Data entries
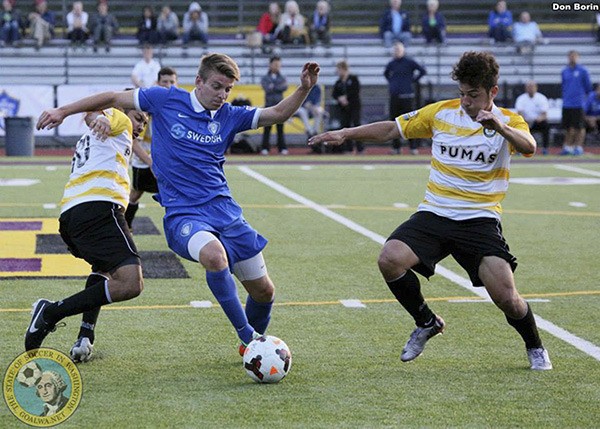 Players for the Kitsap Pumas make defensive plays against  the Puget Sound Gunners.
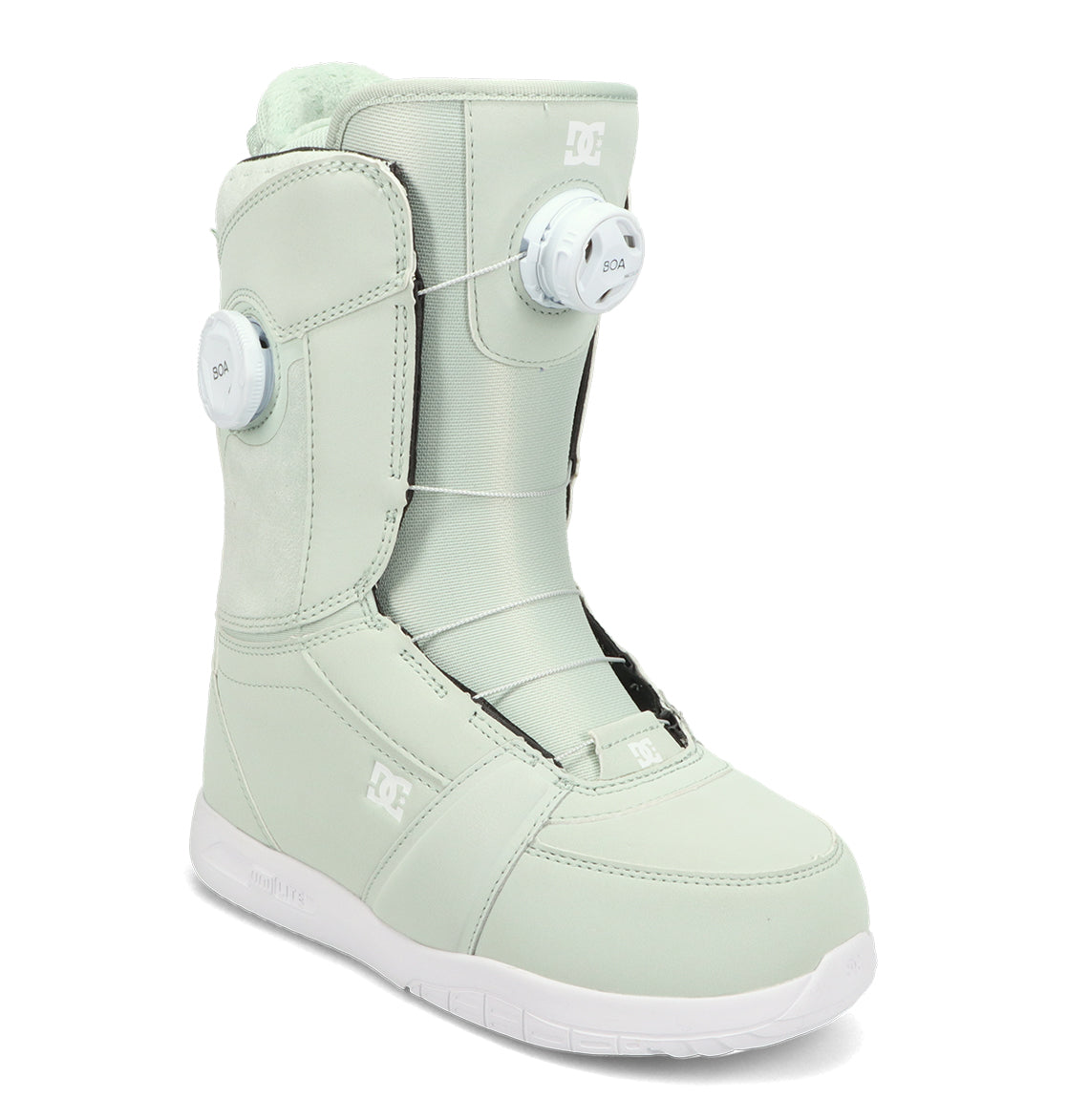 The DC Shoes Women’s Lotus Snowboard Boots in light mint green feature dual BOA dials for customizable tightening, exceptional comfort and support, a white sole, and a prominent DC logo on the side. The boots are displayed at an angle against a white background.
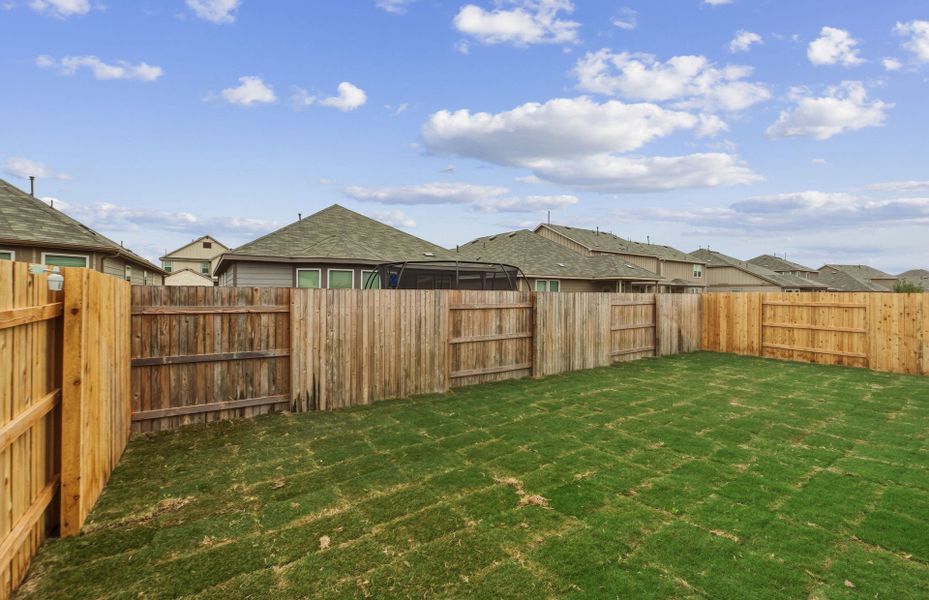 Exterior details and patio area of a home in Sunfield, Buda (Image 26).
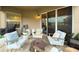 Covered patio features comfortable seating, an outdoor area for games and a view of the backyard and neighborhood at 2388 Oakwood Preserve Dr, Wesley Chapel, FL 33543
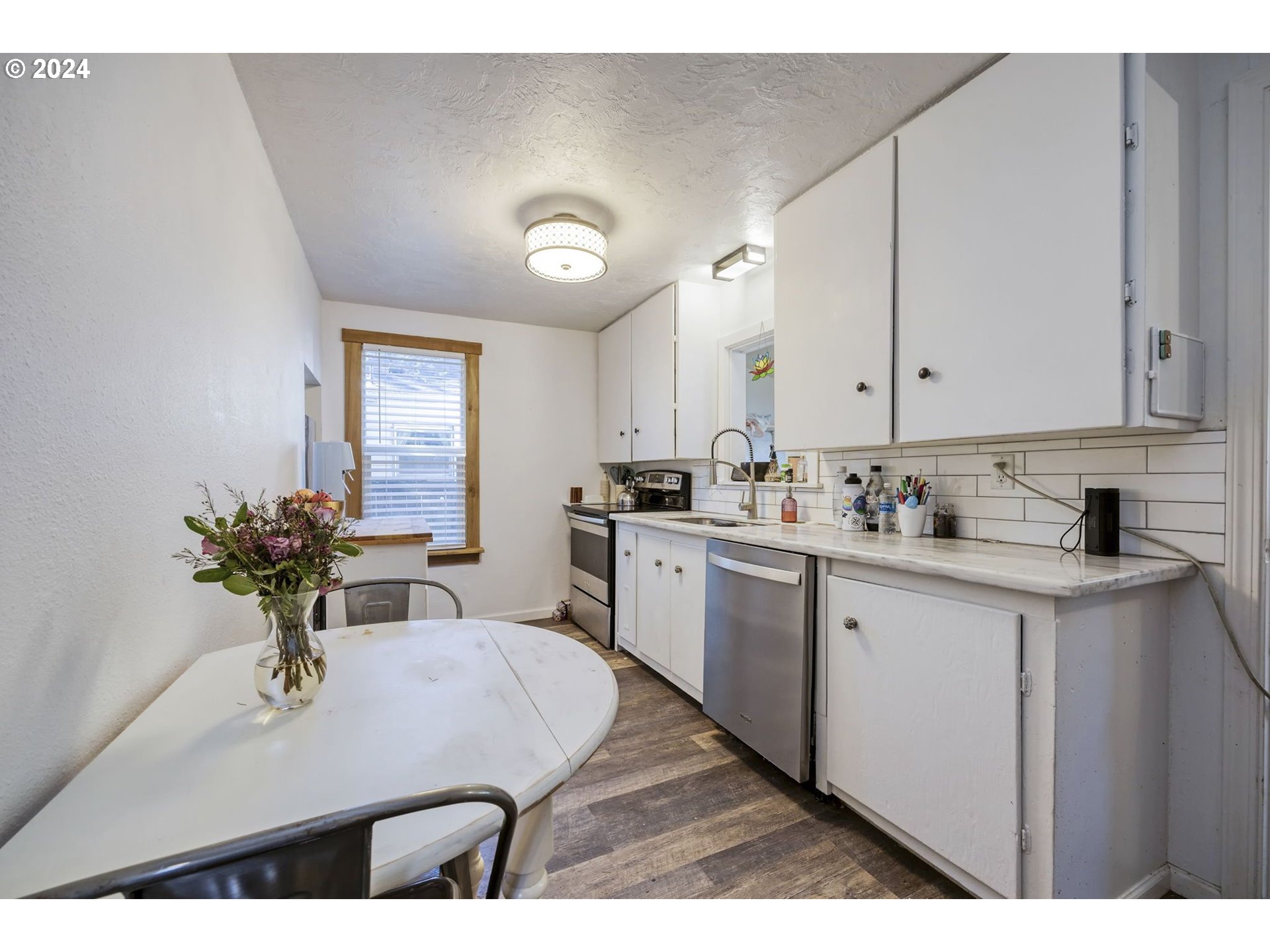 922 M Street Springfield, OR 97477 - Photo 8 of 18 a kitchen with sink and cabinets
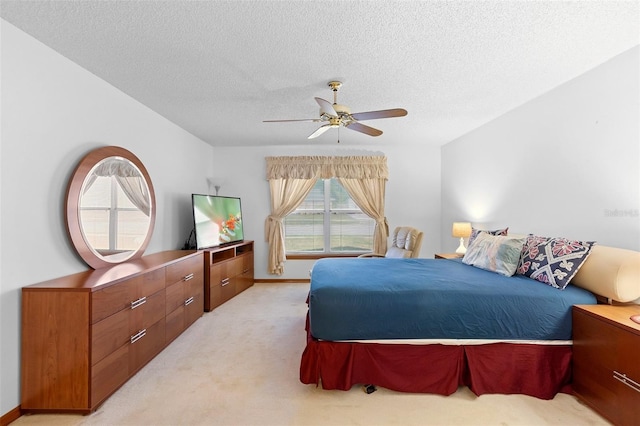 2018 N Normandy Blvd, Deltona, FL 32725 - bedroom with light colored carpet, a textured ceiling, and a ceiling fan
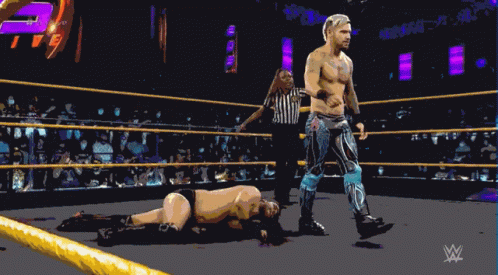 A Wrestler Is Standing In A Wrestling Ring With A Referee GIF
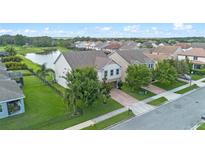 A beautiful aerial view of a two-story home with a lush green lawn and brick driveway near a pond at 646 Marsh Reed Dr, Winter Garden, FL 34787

■ Activity: Without altering a word, return all of the records above and leave out their pictures.

■ Result for this task:
 Players for the Kitsap Pumas make defensive plays against  the Puget Sound Gunners.
 The DC Shoes Women’s Lotus Snowboard Boots in light mint green feature dual BOA dials for customizable tightening, exceptional comfort and support, a white sole, and a prominent DC logo on the side. The boots are displayed at an angle against a white background.
 Exterior details and patio area of a home in Sunfield, Buda (Image 26).
 Covered patio features comfortable seating, an outdoor area for games and a view of the backyard and neighborhood at 2388 Oakwood Preserve Dr, Wesley Chapel, FL 33543
 922 M Street Springfield, OR 97477 - Photo 8 of 18 a kitchen with sink and cabinets
 2018 N Normandy Blvd, Deltona, FL 32725 - bedroom with light colored carpet, a textured ceiling, and a ceiling fan
 A Wrestler Is Standing In A Wrestling Ring With A Referee GIF
 A beautiful aerial view of a two-story home with a lush green lawn and brick driveway near a pond at 646 Marsh Reed Dr, Winter Garden, FL 34787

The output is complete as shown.